Mostafa Khan () was the last khan of Shirvan, until 1820.

Biography
Mostafa Khan lived in an era of much political upheaval. It was the era of the Russo-Iranian Wars of the 19th century, a period during which the Russians took the Caucasus territories of Iran. In 1804, the Russians, led by general Pavel Tsitsianov, had invaded and sacked the Iranian town of Ganja, murdered its khan and his son, and had thereby initiated the Russo-Iranian War of 1804-1813. Having "shown" what Russia is capable of in terms of power and might, Tsitsianov thereafter attempted to force the other khans into submission to Russia by intimidation and enticement. Promising "Russian protection" and the guarantee that the khans would remain in power in their domains, the khan of Karabakh, Ibrahim Khalil Khan signed an agreement with Tsitsianov on 26 May 1805. After the massacre in Ganja, Mostafa Khan asked the central government in Tehran for assistance, in order to prevent Tsitsianov's advance. The government responded by sending an army under general Pir-Qoli Khan Qajar. However, when the general had reached the Mughan plain, he found out that Mostafa Khan had entered negotiations with the Russians. Mostafa Khan hoped that the Russians would recognize a Shirvan Khanate "enlarged" to the boundaries of the Shirvanshah's of the Medieval era. Though Mostafa Khan was uncomfortable with Tsitsianov's proposal, the latter threatened that if he wouldn't agree with his terms, he would replace Mostafa with his younger brother (who was reportedly enthusiastic about it). Anyhow, the Russians invaded the khanate, and on 6 January 1806, Mostafa Khan was forced to submit.

 

Mostafa Khan was allowed to administer the khanate, and had to give an annual tribute in gold rubles to the Russians. Furthermore, he had to send hostages to Tiflis (Tbilisi), which had recently been annexed and transformed into the "base" of the Russian Caucasus Viceroyalty. Lastly, he also had to provide food and accommodation for the Russian garrisons. After Tsitsianov was killed in Baku in 1806, Mostafa Khan repudiated his allegiance to the Russians, and re-submitted himself to the shah.

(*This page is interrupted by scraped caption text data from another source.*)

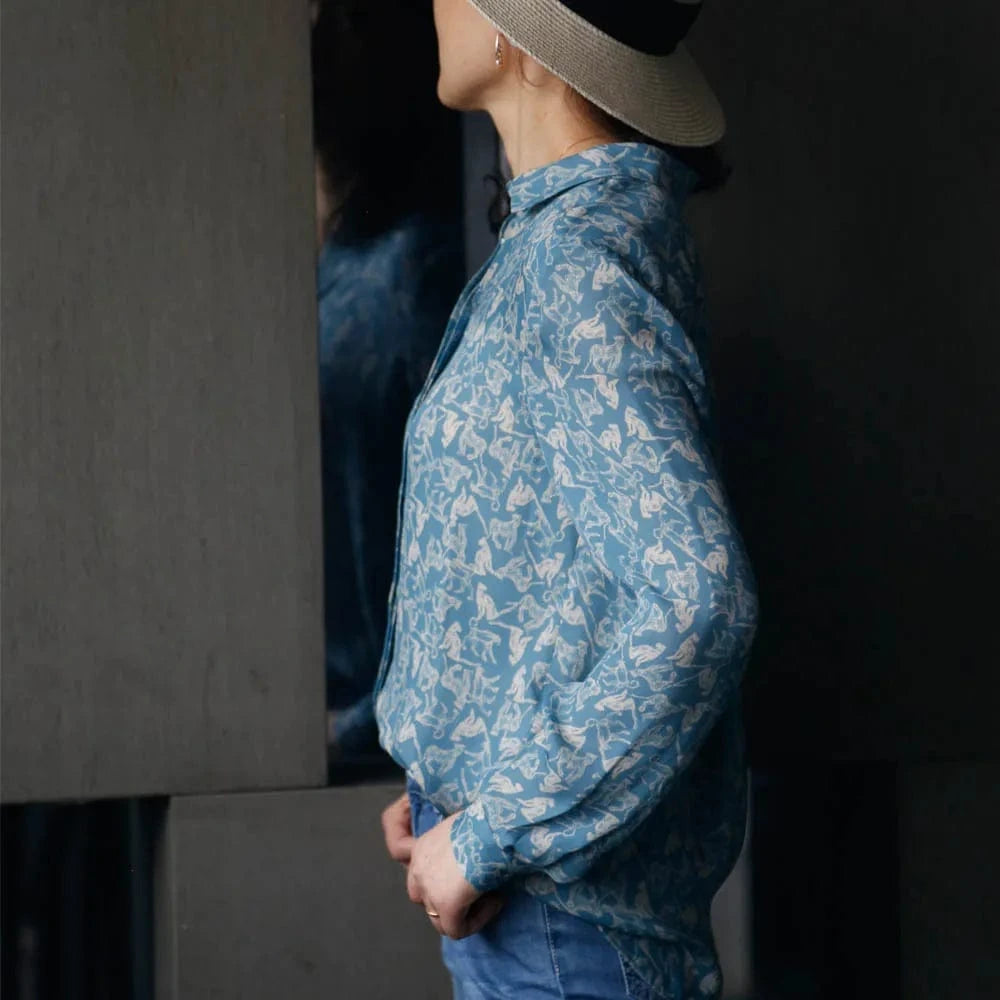 S / Sky Blue Exquisitely Pattern Print Women Fashion Blouse Button Long Sleeve Ladies Casual Blouse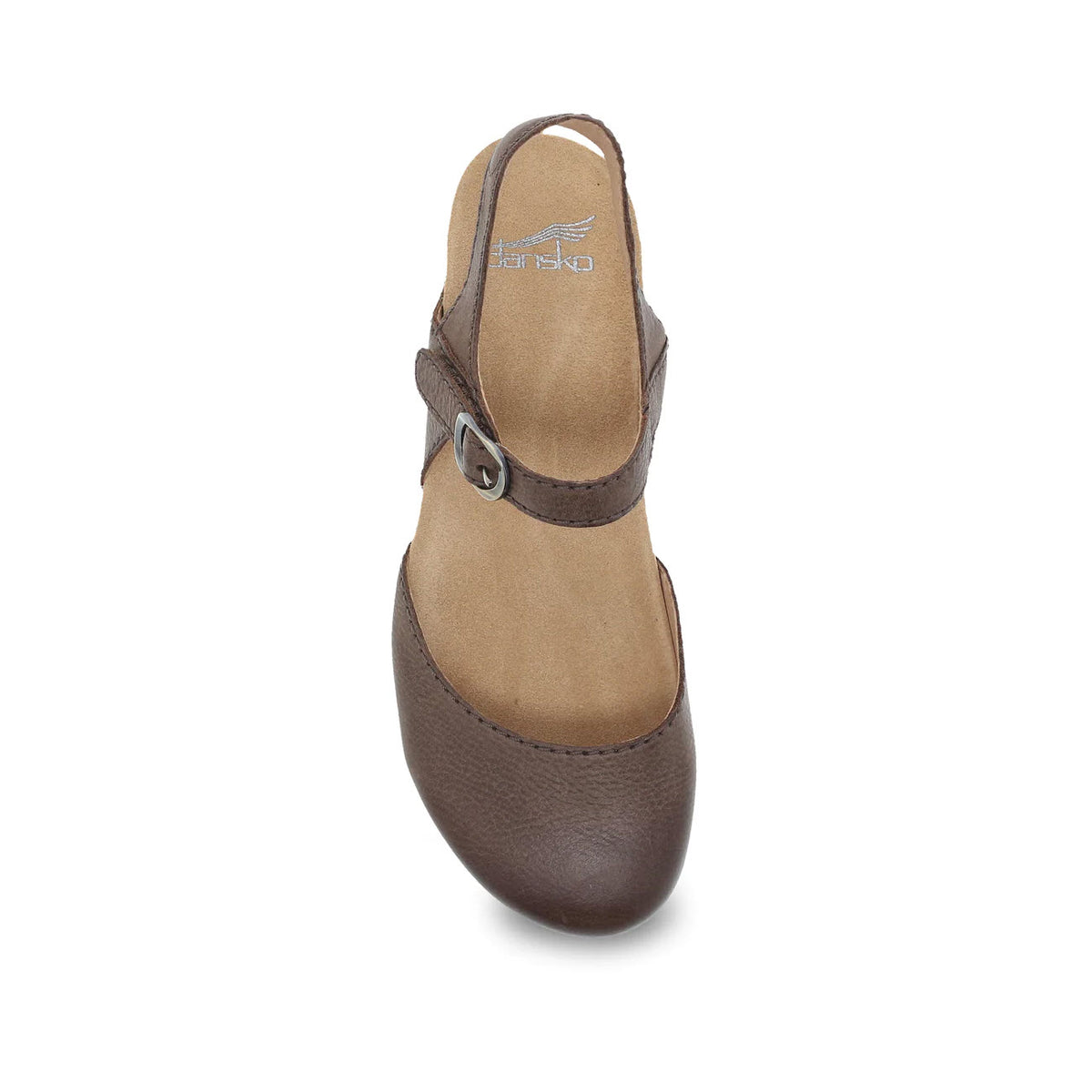 Dansko Tiffani brown mary jane style closed toe sandal with a strap over the instep on a white background.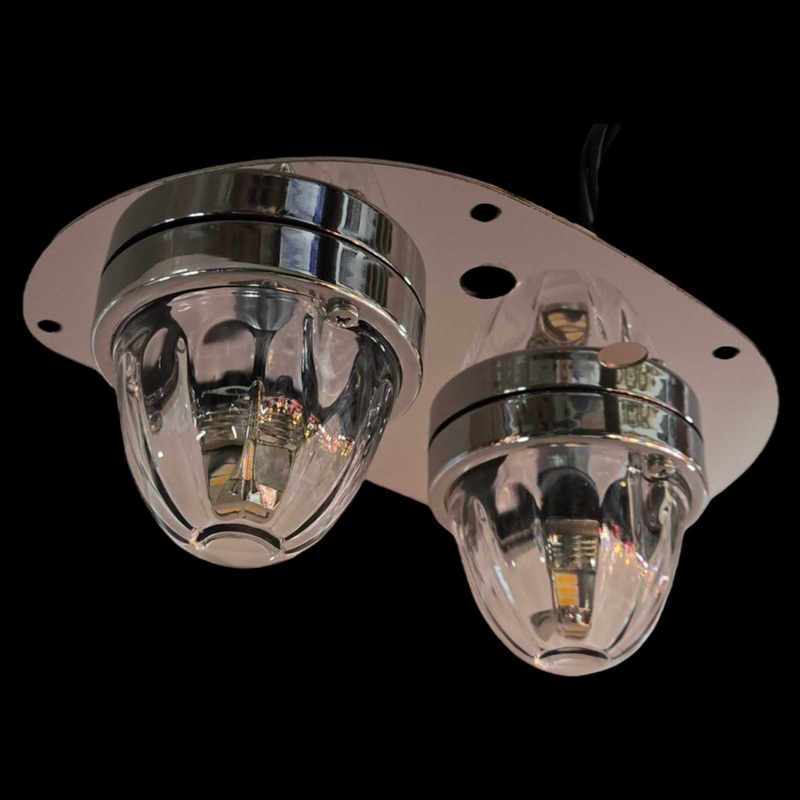 SS-1047  PETERBILT 387 587 ABOVE DASH DOME LIGHT BRACKET W2 WM LIGHT CUT AND SANDED FROM 16GA SS 304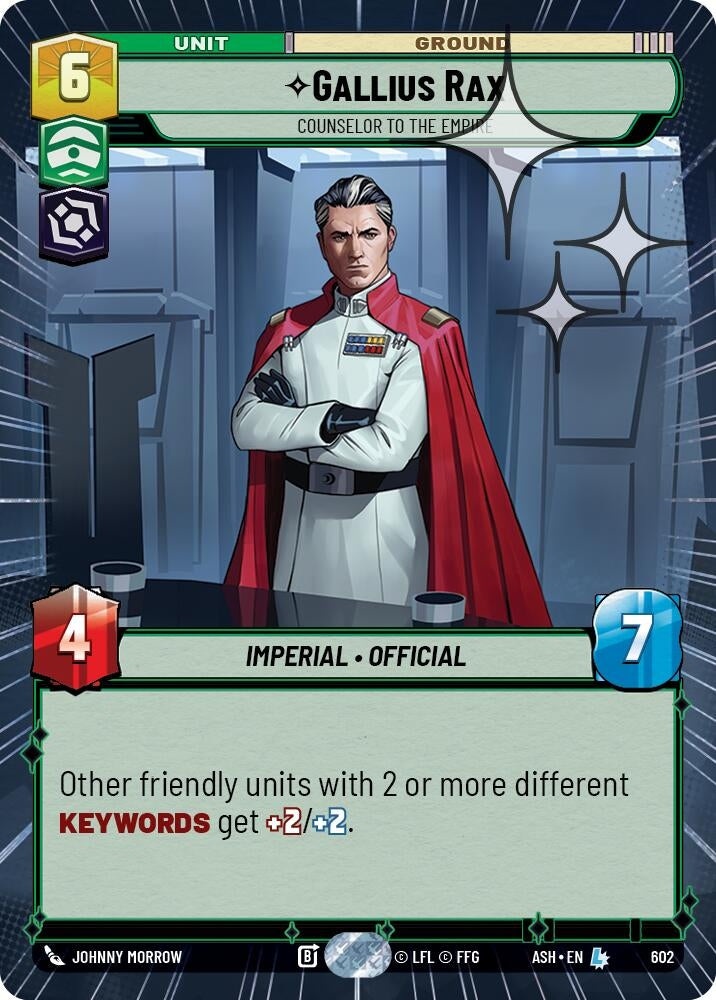 Image for Gallius Rax - Counselor to the Empire (Hyperspace Foil) (602) [Ashes of the Empire] {ASH} - Star Wars: Unlimited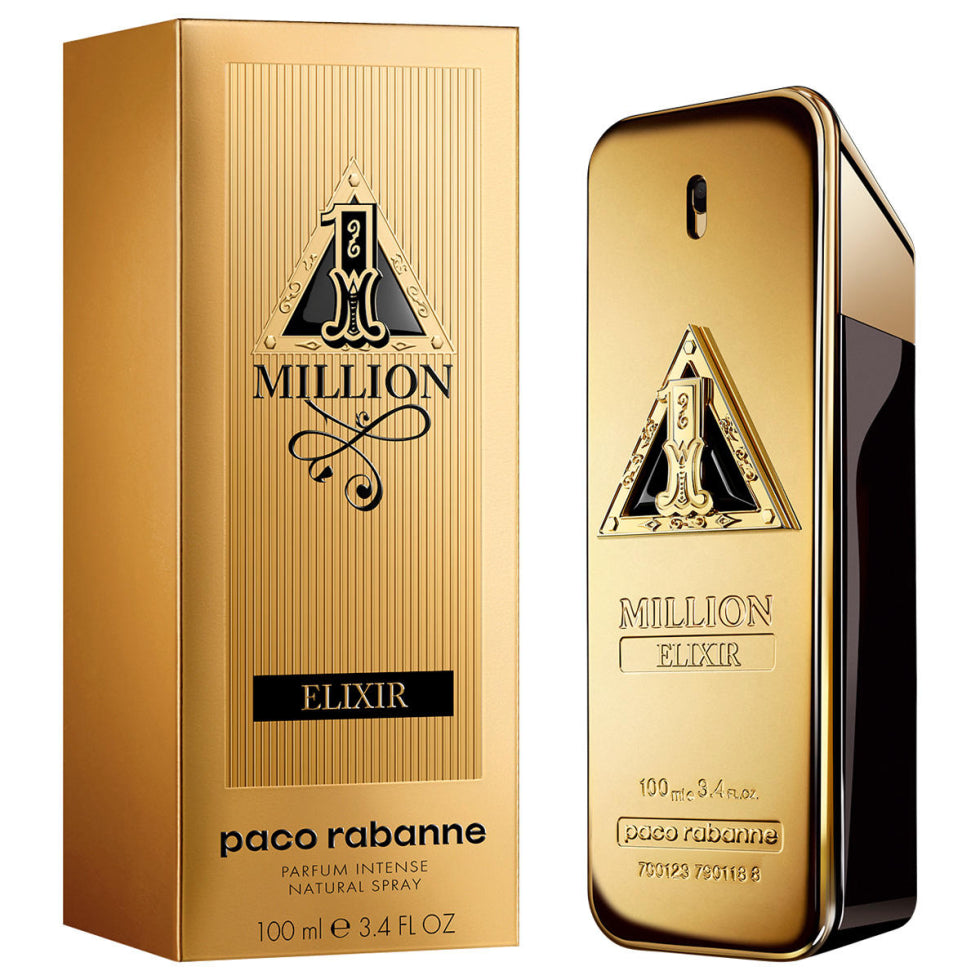 Rabanne 1 Million Elixir Parfum Intense 3.4 Oz bottle and box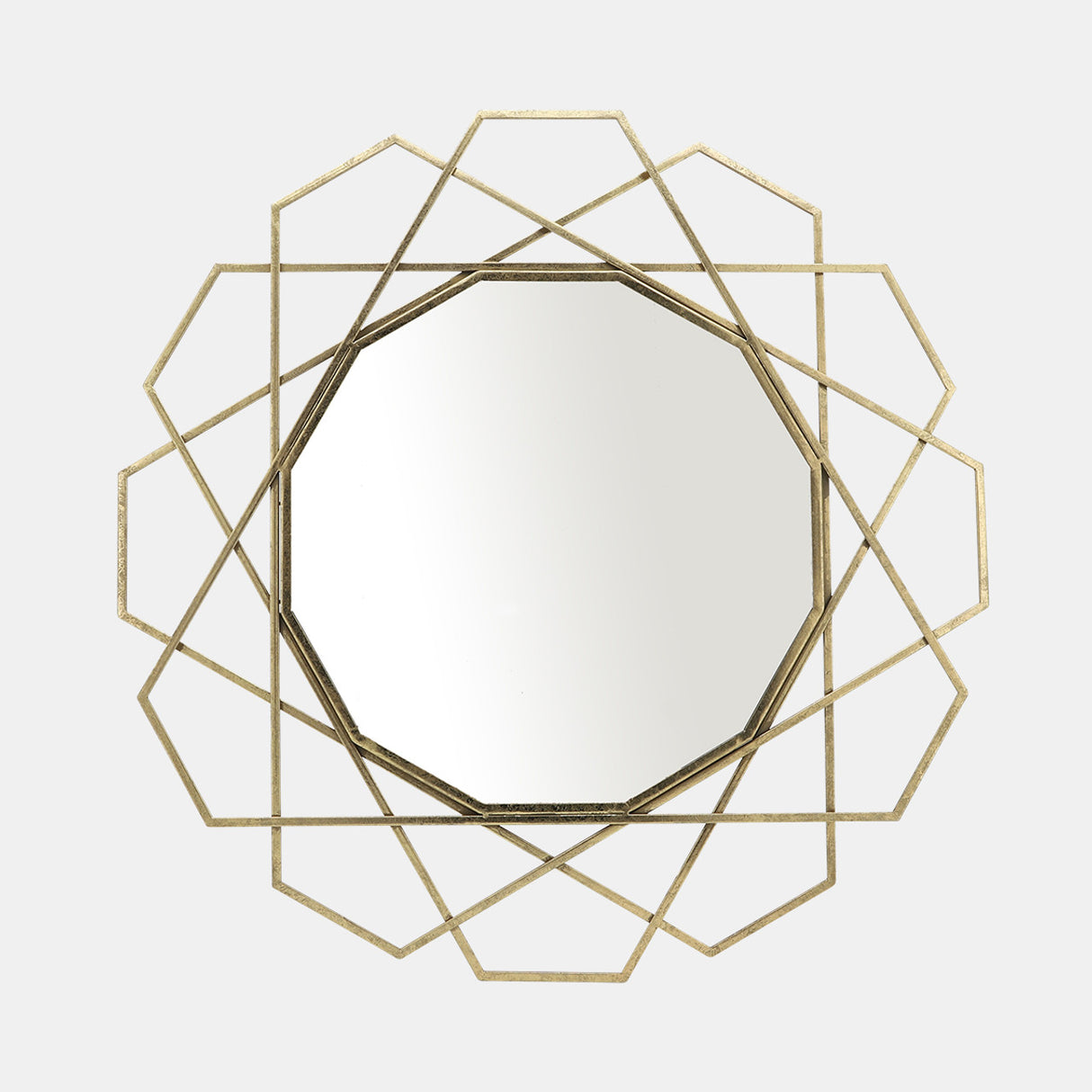 Metal 35" Geometric Mirror, Gold Wb - 14927-01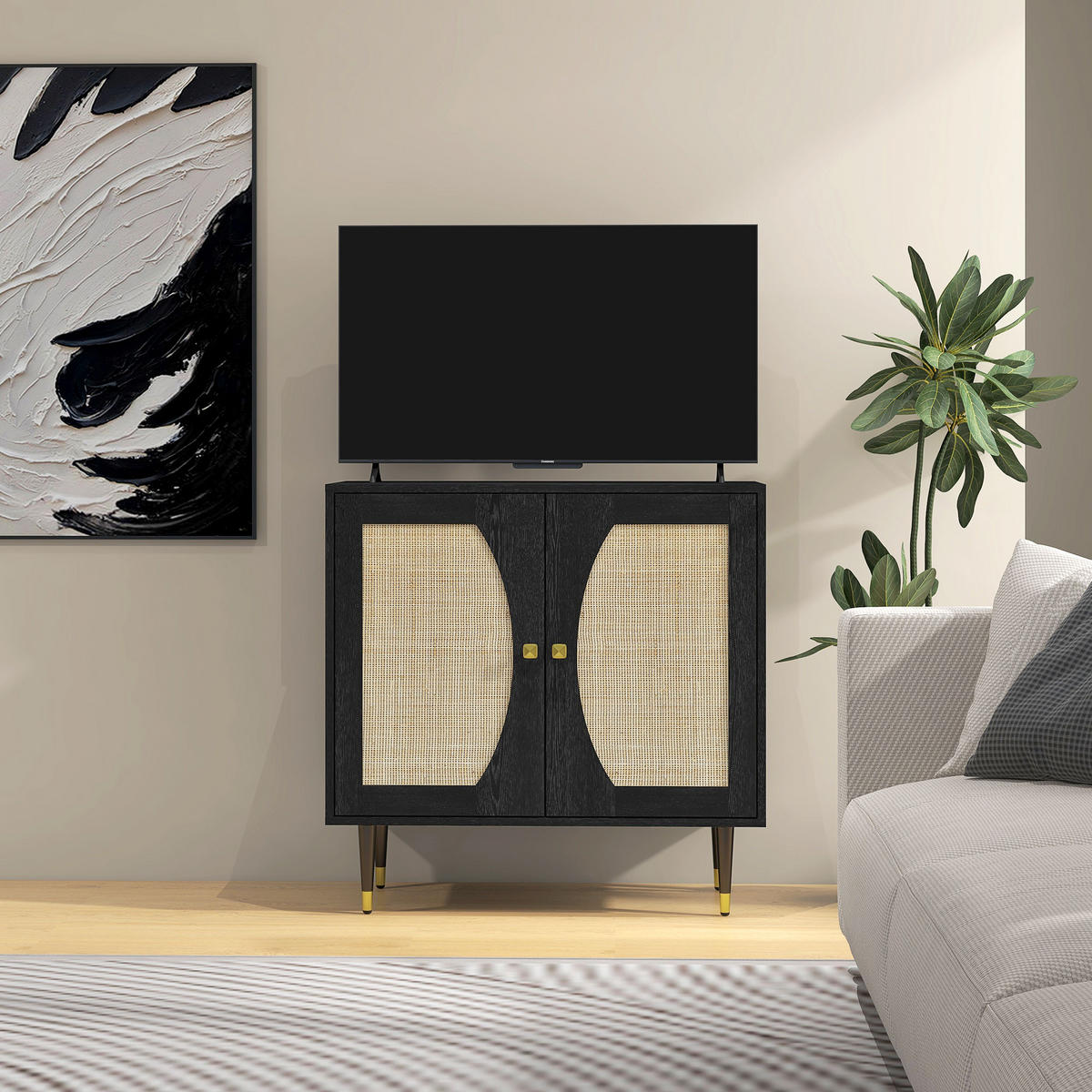 SIDEBOARD DE-11084 Boho-Design mit 2 Türen & Rattan-Front Schwarz - Schwarz, Holzwerkstoff (80/79/38cm) - ComfortXL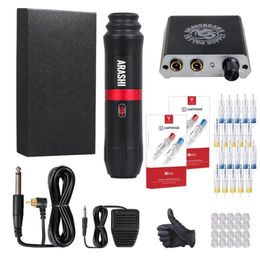 Dragonhawk ARASHI Rotary Tattoo Kit Hybrid Pen Machine Gun Power Supply Needles D30697977096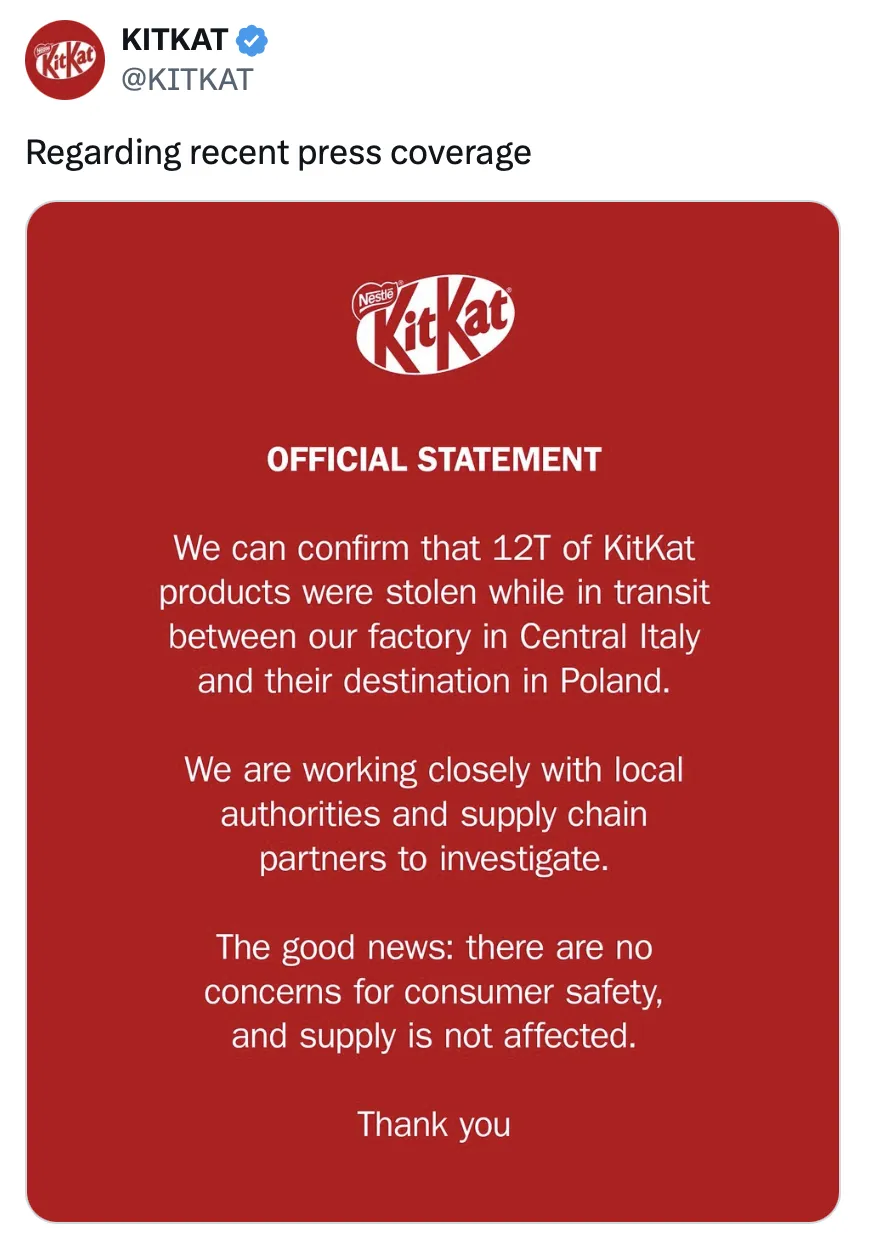 海外营销者周刊#001:12吨的巧克力被偷了?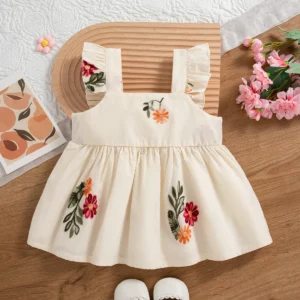 Baby Girl  Flower Embroidered Sleeveless Princess Dress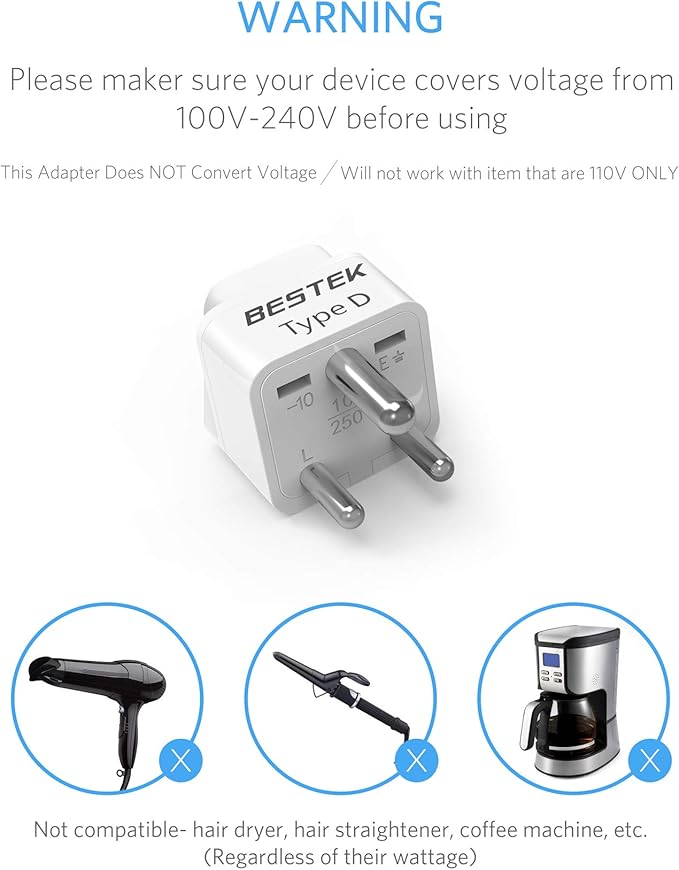 BESTEK India, South Africa Travel Plug Adapter, Grounded Universal Type D Plug - Image 6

Things changed when Aleksey Yermolov took office as the new Russian commander-in-chief in the Caucasus, in 1816. A staunch Russian imperialist, Yermolov was committed to bring the entire Caucasus under the Russian sway. He wanted to establish the Aras river as the border between Iran and Russia at all costs, and was therefore determined to conquer the last remaining khanates under Iranian rule; the Erivan Khanate and the Nakchivan Khanate. 
When Ismail, the khan of Shaki, died in 1819 without any heir, Yermolov annexed the entity. Realizing what was going to happen to himself, Mostafa Khan fled to mainland Iran in 1820 with his son; Yermolov did not waste any time to annex the Shirvan Khanate.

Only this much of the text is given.